Systems thinking analyzes how interconnected components create emergent behavior through feedback loops, stocks/flows, and delays. Leverage points (Donella Meadows) are places to intervene in a system ranked by effectiveness:
Low leverage (easy but weak): Parameters (numbers, rates, constants) Medium leverage: Buffers, stock structures, delays, feedback loop strength High leverage (hard but powerful): Information flows, rules, self-organization, goals, paradigms
Example: Company with high employee turnover (problem).
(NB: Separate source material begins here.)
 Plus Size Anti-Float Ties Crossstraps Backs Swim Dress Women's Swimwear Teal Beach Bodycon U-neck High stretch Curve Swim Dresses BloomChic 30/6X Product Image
Low leverage: Increase salaries 10% (parameter) → Temporary effect, competitors match Medium leverage: Improve manager-employee feedback frequency (balancing loop) → Some improvement High leverage: Change goal from "minimize cost per employee" to "maximize team capability" → Shifts hiring, training, retention decisions system-wide
Quick example of feedback loops:
- Reinforcing loop (R): More engaged employees → Better customer experience → More revenue → More investment in employees → More engaged employees (growth or collapse)
- Balancing loop (B): Workload increases → Stress increases → Burnout → Productivity decreases → Workload increases further (goal-seeking)
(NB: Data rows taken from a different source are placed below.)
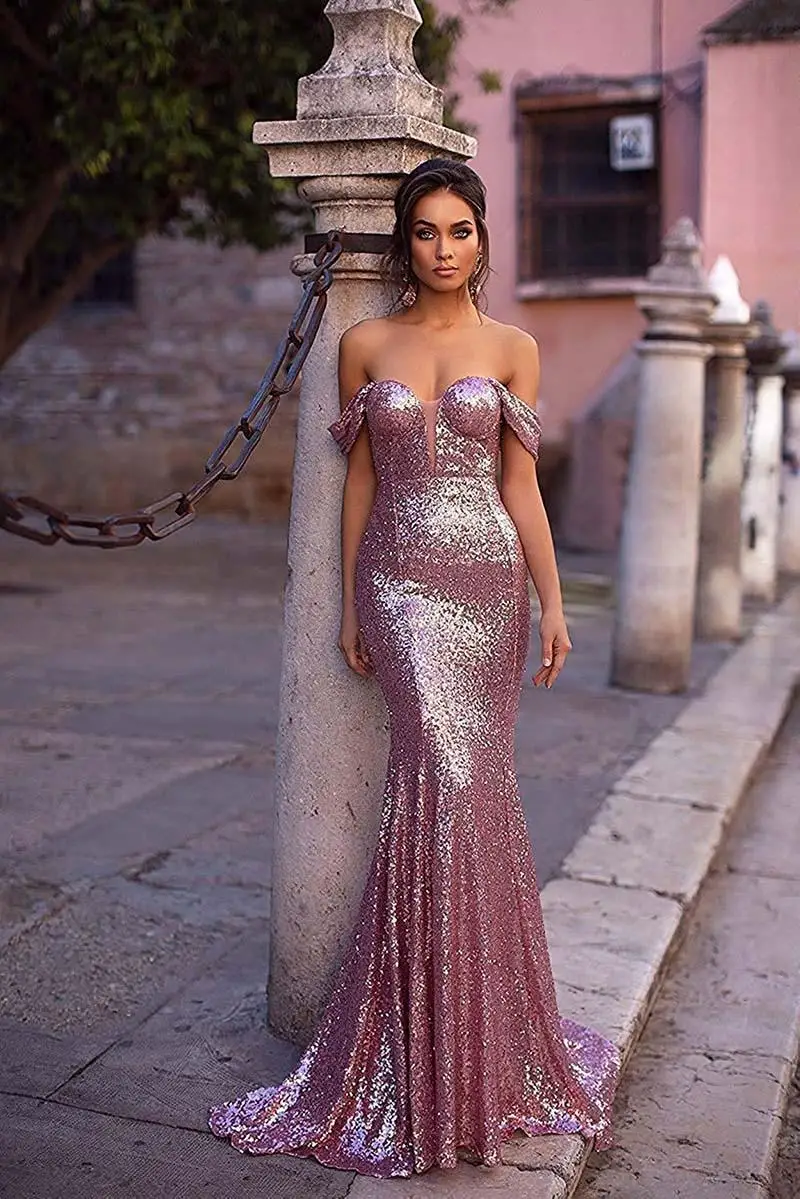 Rose Gold Mermaid Sequin ชุดราตรี Gowns Off ไหล่ค็อกเทลปาร์ตี้ชุดสำหรับเจ้าสาวแขนหมวกประกวดชุด Plus ขนาด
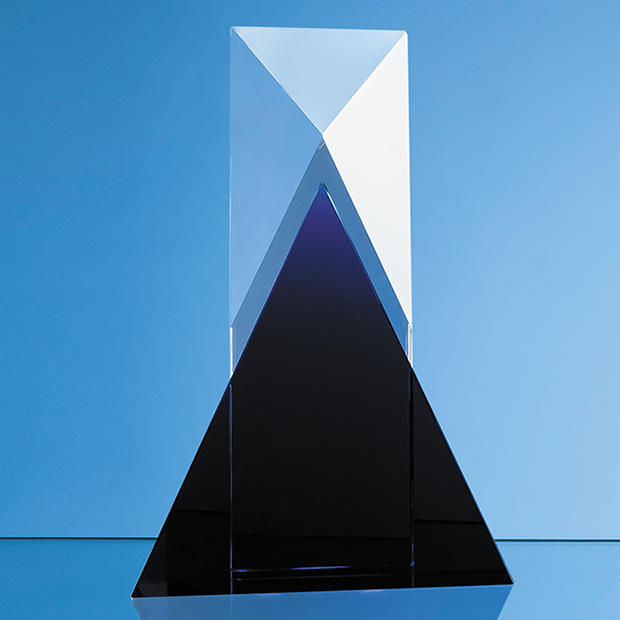 28cm Nik Meller Design Clear Optical Crystal & Cobalt Blue Mixx Award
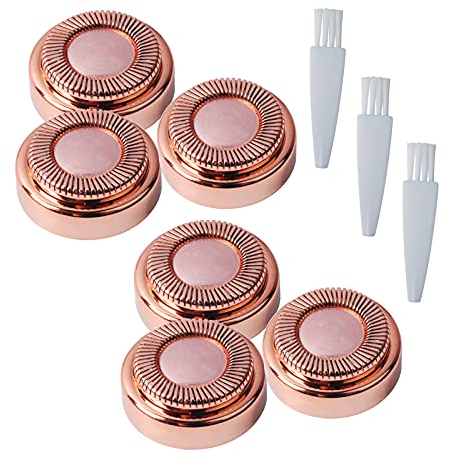Poweka Ersatzköpfe kompatibel mit Flawless Hair Remover, Gesichts-Haarentferner Ersatzklingen für Lippen, Kinn, Wangen und Koteletten 6 Stück.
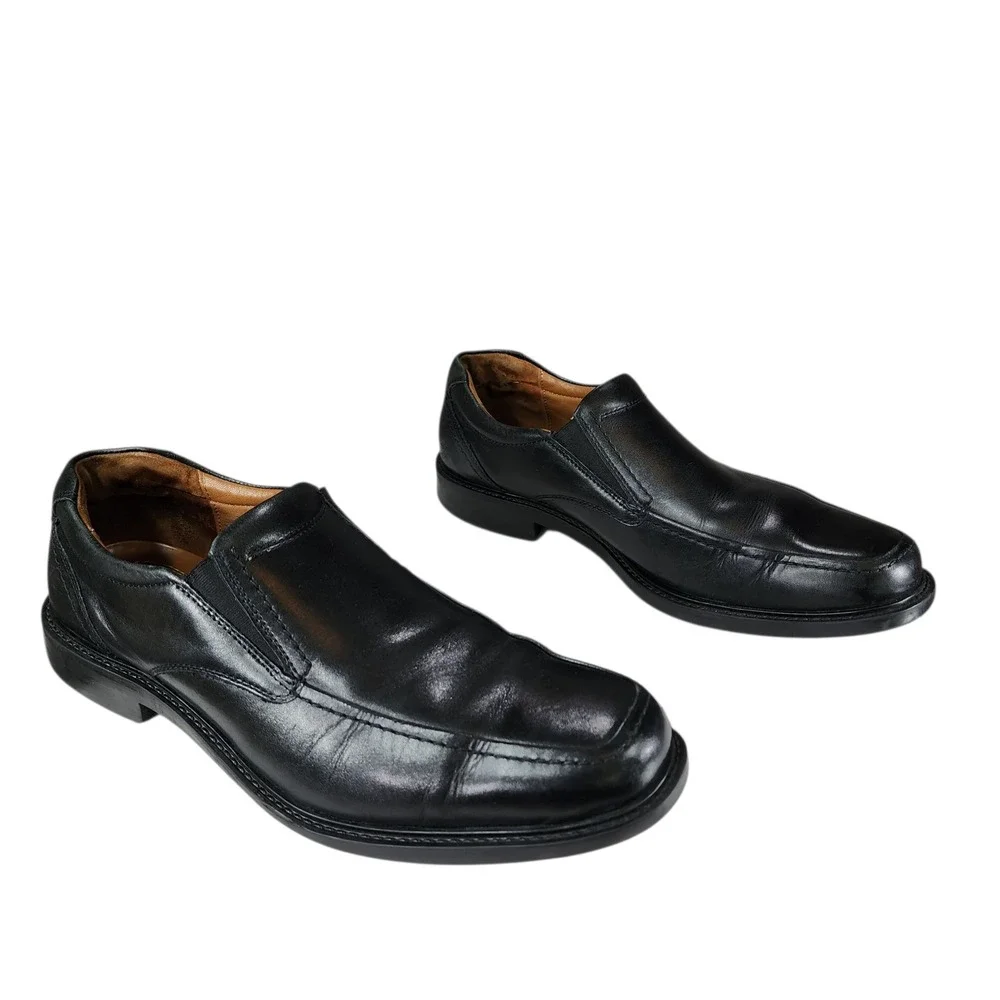 Johnston Murphy Loafer sz 9M Men Lewis Venitian Black Leather Slip On Dress Shoe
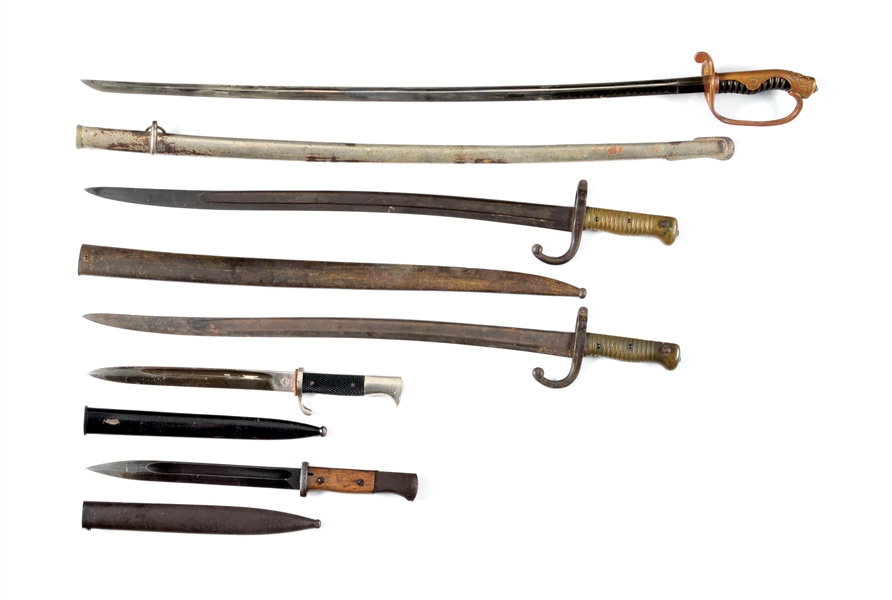 LOT OF 5: JAPANESE WWII POLICE SWORD, 2 FRENCH 1866 BAYONETS, AND 2 GERMAN WWII MAUSER BAYONETS.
- Delays: Training today → Skills improve (3-6 months delay) → Productivity increases. Ignoring delay causes impatience and abandoning training too early.
Workflow
Copy this checklist and track your progress:
Systems Thinking & Leverage Progress:
- [ ] Step 1: Define system and problem
- [ ] Step 2: Map system structure
- [ ] Step 3: Identify leverage points
- [ ] Step 4: Validate and test interventions
- [ ] Step 5: Design high-leverage strategy
Step 1: Define system and problem
Clarify system boundaries (what's in/out of system), key variables (stocks that accumulate, flows that change them), and problem symptom vs. underlying pattern. Use System Definition section below.
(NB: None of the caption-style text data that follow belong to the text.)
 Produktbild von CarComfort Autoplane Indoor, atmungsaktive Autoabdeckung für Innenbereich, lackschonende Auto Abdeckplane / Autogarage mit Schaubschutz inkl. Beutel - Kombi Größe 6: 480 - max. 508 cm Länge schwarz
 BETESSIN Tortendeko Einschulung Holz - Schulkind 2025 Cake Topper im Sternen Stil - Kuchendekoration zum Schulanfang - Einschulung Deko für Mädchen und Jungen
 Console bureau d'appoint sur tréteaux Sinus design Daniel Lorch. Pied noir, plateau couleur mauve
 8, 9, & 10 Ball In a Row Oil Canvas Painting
Step 2: Map system structure
For simple cases → Use resources/template.md for quick causal loop diagram and stock-flow identification. For complex cases → Study resources/methodology.md for system archetypes, multi-loop analysis, and time delays.
Step 3: Identify leverage points
Apply Meadows' leverage hierarchy (parameters < buffers < structure < delays < balancing loops < reinforcing loops < information < rules < self-organization < goals < paradigms). See Leverage Points Analysis below and resources/methodology.md for techniques.
Step 4: Validate and test interventions
Self-assess using resources/evaluators/rubric_systems_thinking_leverage.json. Test mental models: what happens if we push here? What are second-order effects? What delays might undermine intervention? See Validation section.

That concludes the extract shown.